This show doesn’t need much explanation, does it? After all, Jorma Kaukonen and Jack Casady have been doing the Hot Tuna thing on and off since 1969. It’s an old rock & roll story: The side project (in this case, Hot Tuna) displaces and outlasts the original band (in this case, Jefferson Airplane). Except that Kaukonen and Casady, while never straying too far from a blues-based structure, have stretched the Tuna to create a variety of tasty musical dishes over the decades. From their original acoustic-duo approach through the heavy sound of the mid-to-late ’70s—their 1974 album Yellow Fever is a sludgy, guilty-pleasure 8-track classic—to the wildly eclectic lineups they’ve toured with over the last dozen years, Hot Tuna have kept things diverse.

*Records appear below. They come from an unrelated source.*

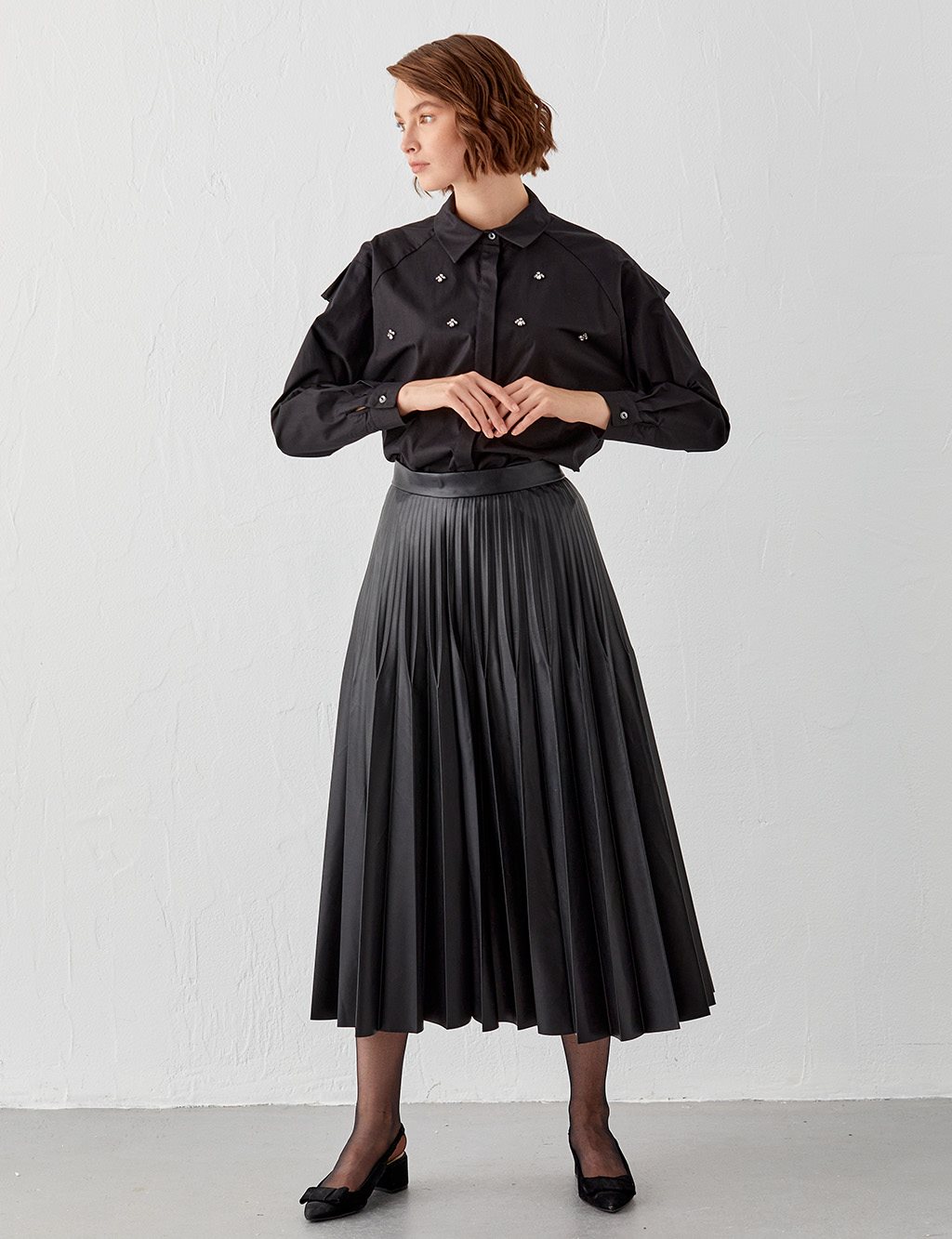 Pleated A-line Skirt Black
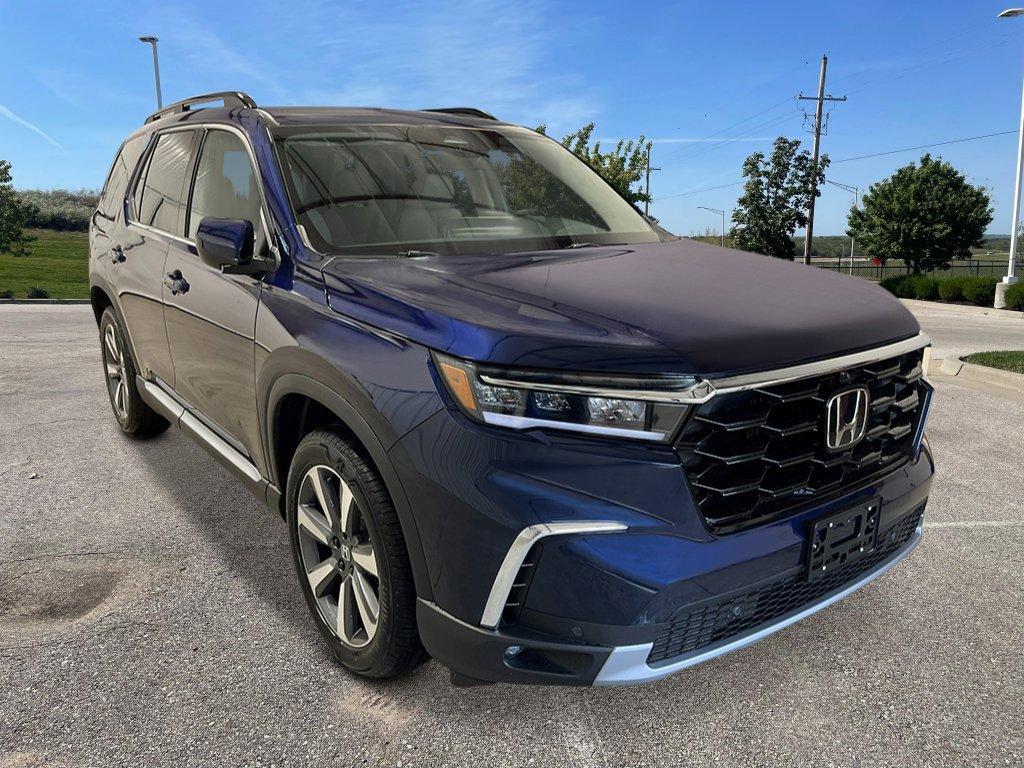 new 2025 Honda Pilot car, priced at $54,530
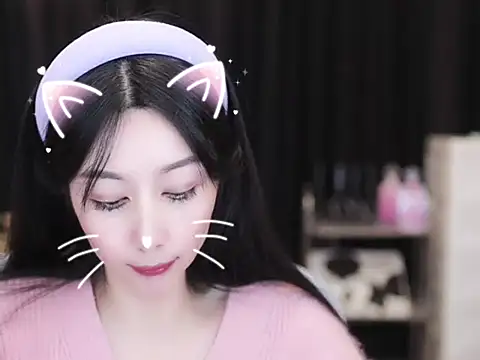 Snapshot of Nuyoah-77 chatting on November 2025 04:18:02 PM Nuyoah-77 online show from November 2025 04:18:02 PM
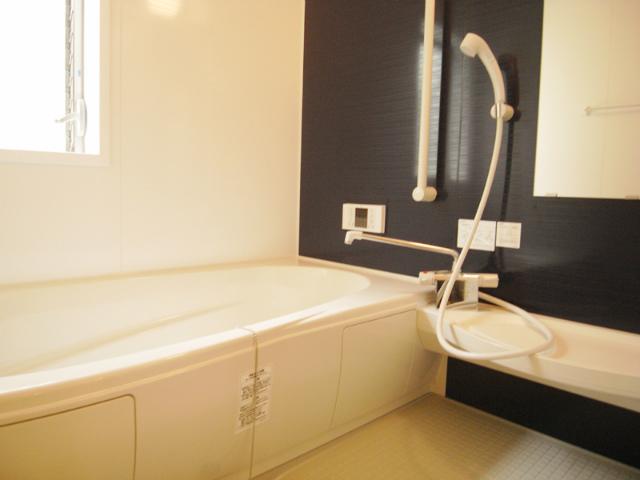 Same specifications photo (bathroom). Same specifications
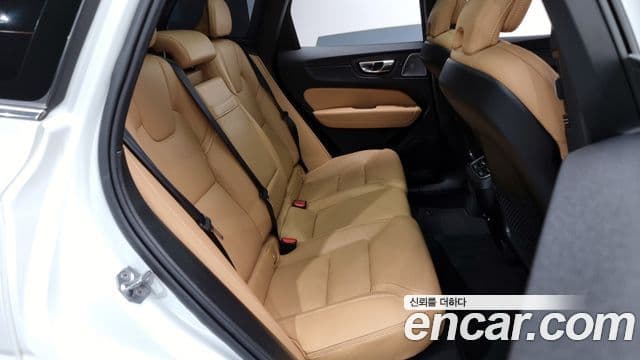 Volvo XC60 2세대 D5 Inscription, 2019 12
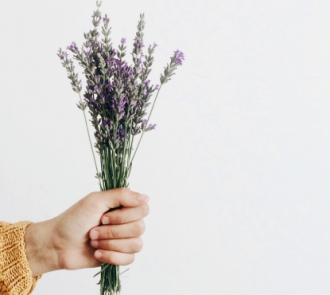 Кому и как дарить букет: правила цветочного этикета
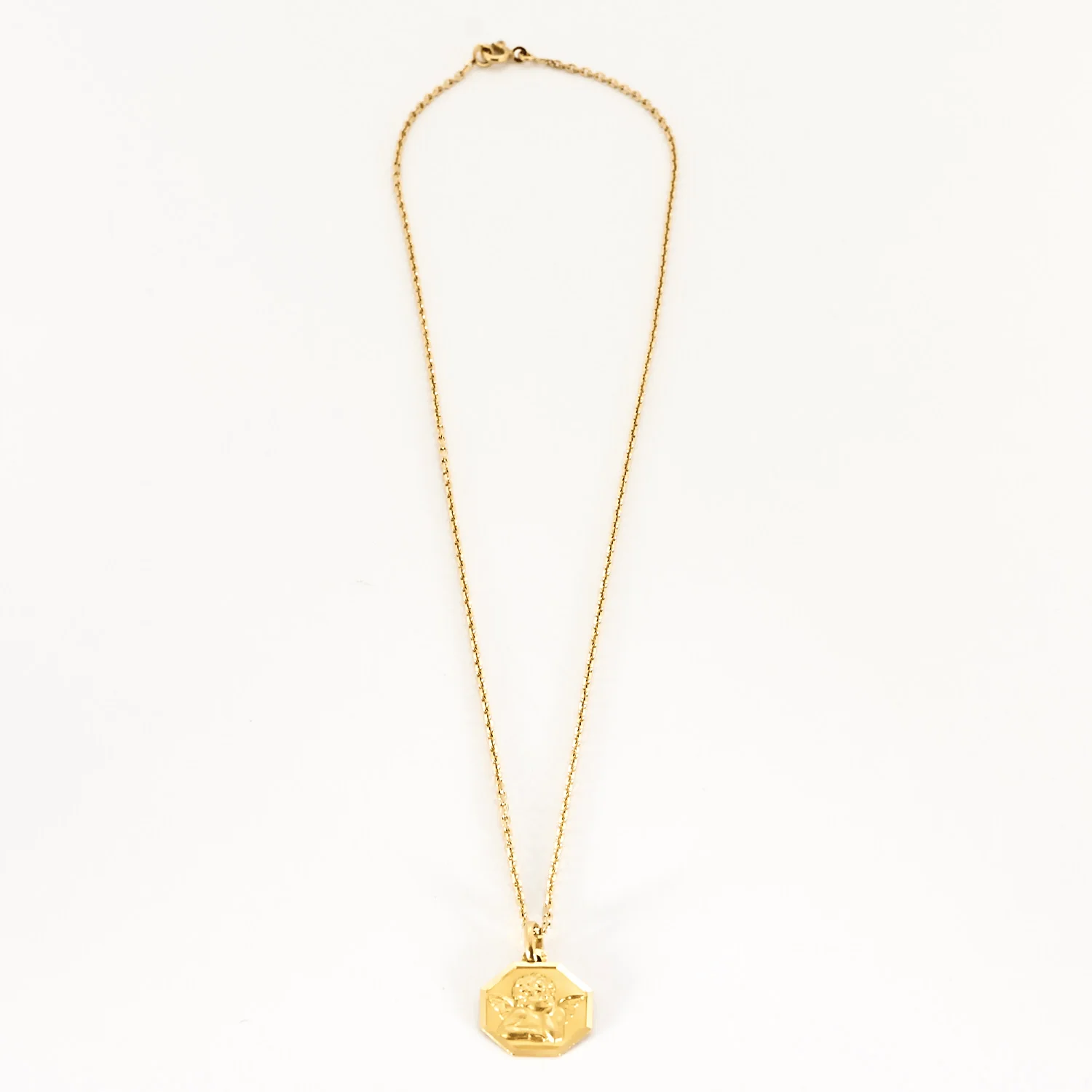 Yellow gold chain holding a baptism medal - Image 3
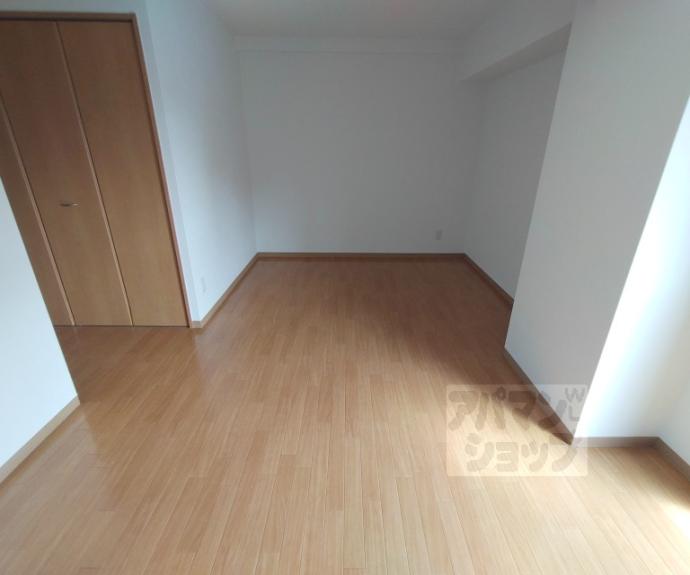 【シャトーあと村】間取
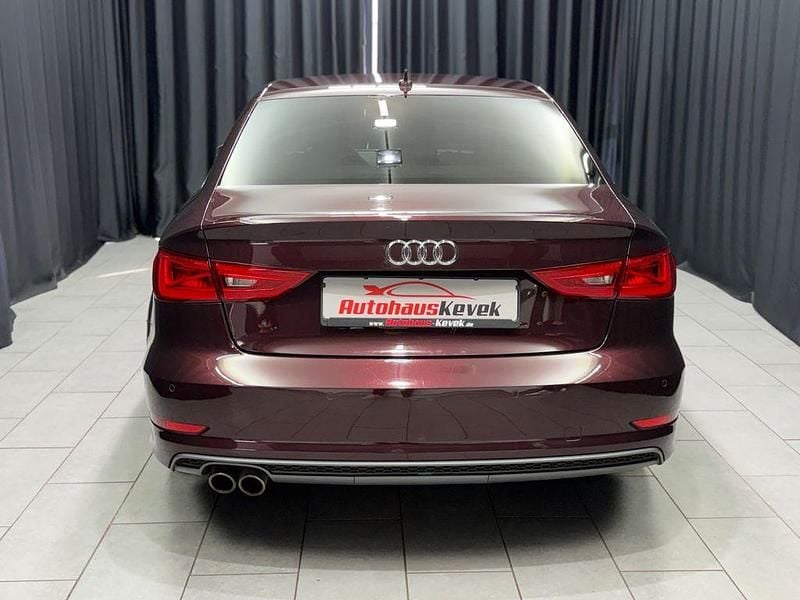 Gebraucht Audi A3 Comfort 150 PS (110 kW) 2014 Rot Limousine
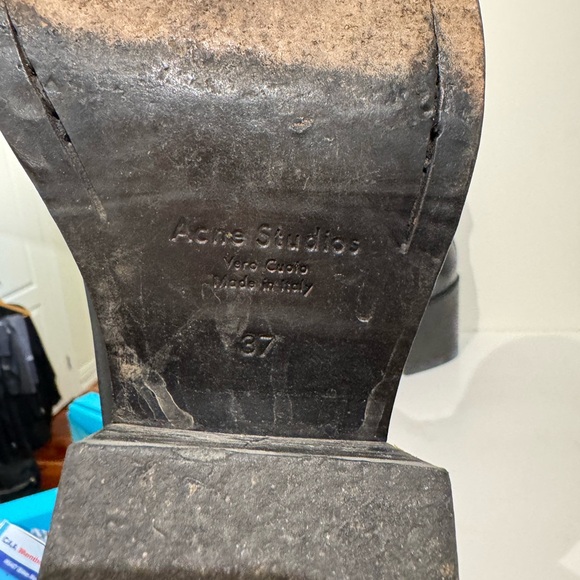 Black leather Acne motorcycle boot with heel. - Picture 4 of 4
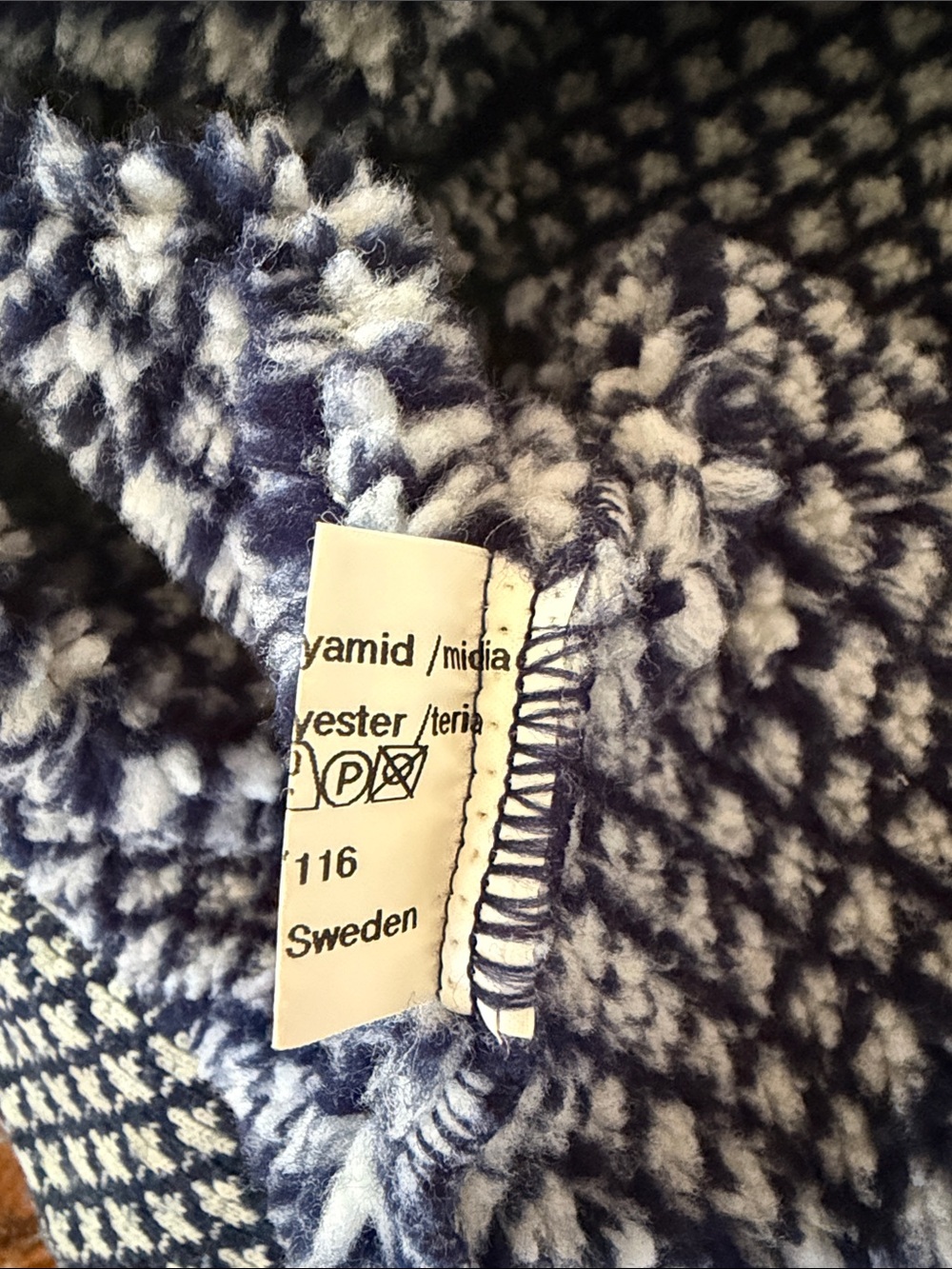 Vintage Kids blue/white fleece top and hat. - Picture 4 of 6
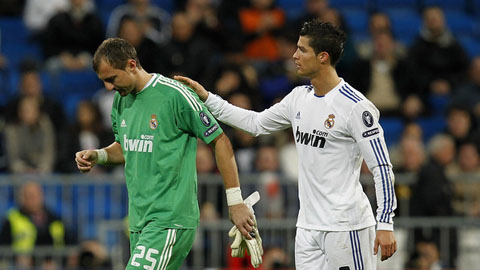 Jerzy Dudek: 'Ronaldo chuyên nghiệp nhưng ích kỷ'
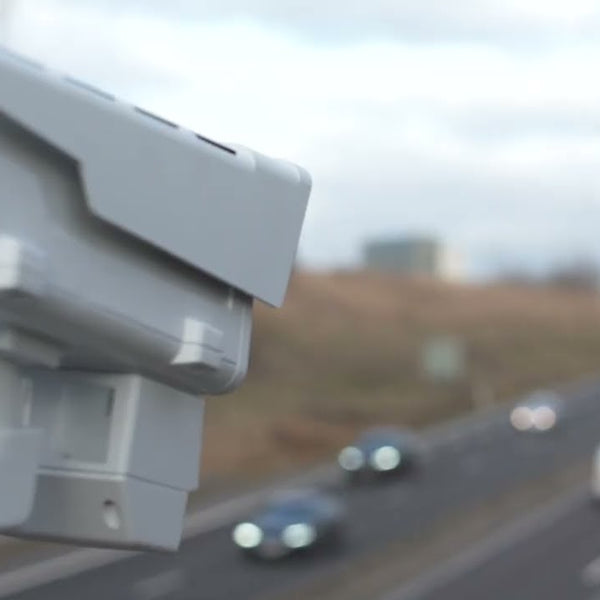 Axis Netzwerkkamera Q1686-DLE Radar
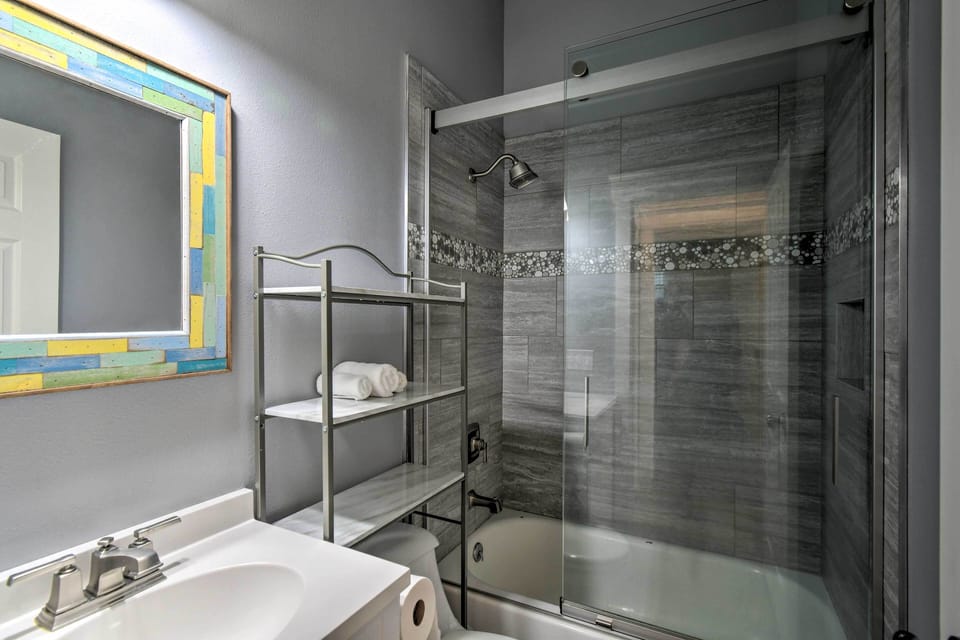 Full Bathroom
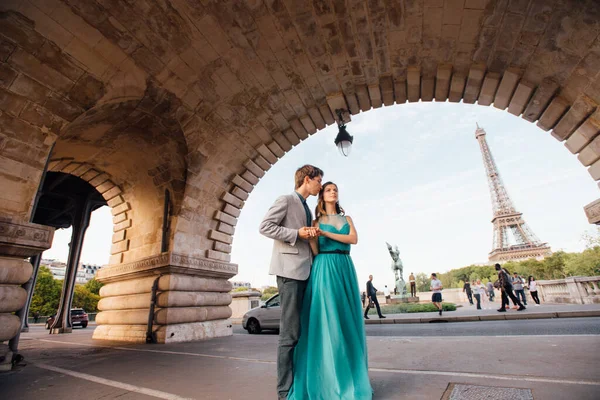 Una Coppia Romantica Innamorati Incontra Vicino Alla Torre Eiffel Parigi — Foto Stock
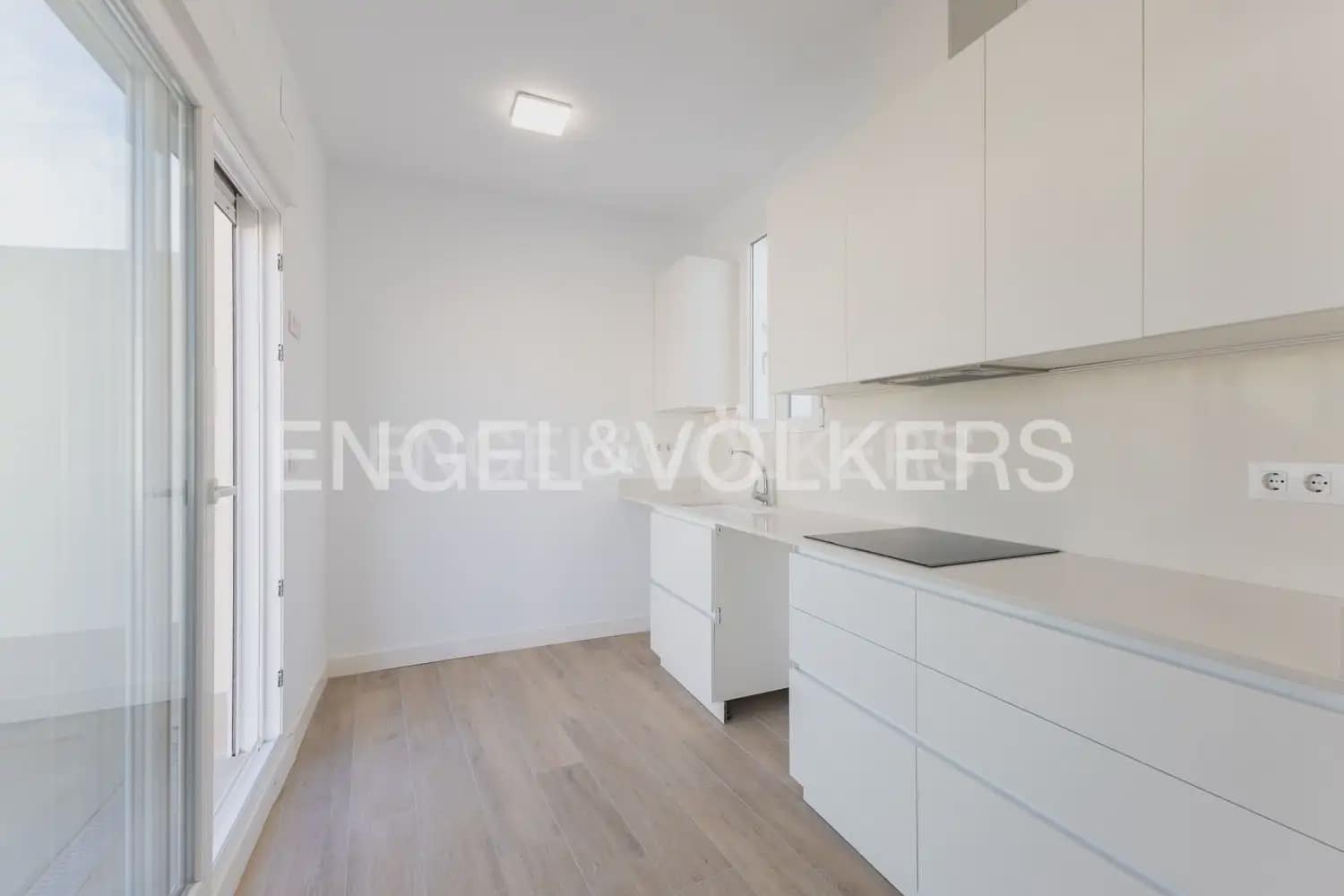 4 Zimmer Wohnung zu vermieten in Valencia Stadt - 10.000 € (Ref: 9897529)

On Sunday night, Casady and Kaukonen will be joined by drummer Eric Diaz and mandolin player Barry Mitterhoff; don’t forget to holler for the “Hesitation Blues.” (Dec. 3, 7 PM, $26, Empire State Plaza, Albany, 473-1845)

Also Noted
Jen Chapin

Burlington, Vt.-based “high performance rock” outfit RAQ play Revolution Hall tonight (Thursday); the show comes near the end of a long tour to support the band’s new release, Ton These (8 PM, $15, 274-0553). . . . Upstart rock-promoters Albany Amped present the Crayons and Big Nixon at Tess’ Lark Tavern tomorrow (Friday) night; the show is also tied in with the 1st Friday art openings (see Night and Day, page 35, for more info; 10 PM, $5, 463-9779). . . . We don’t see this word applied to the fairer sex too often, but we’re going for it: Boston-based troubadour Jess Klein performs songs from her latest album City Gardens at Caffe Lena this Saturday; local boy done good Stephen Clair opens the show (8 PM, $12, 583-0022). . . . Jen Chapin—yes, of the Harry Chapin Chapins—plays her jazzy folk tunes at Club Helsinki in Great Barrington, Mass., on Sunday (8 PM, $15, 413-528-3394). . . . Since his complete recovery from a near-fatal bout with Hepatitis C, Alejandro Escovedo has been plenty busy—this Wednesday, he’ll perform with a string quintet(!) at the Iron Horse Music Hall in Northampton, Mass., in support of his 2006 record The Boxing Mirror; another legendary singer-songwriter shares the bill: Mark Mulcahy (7 PM, $25, 413-584-0610).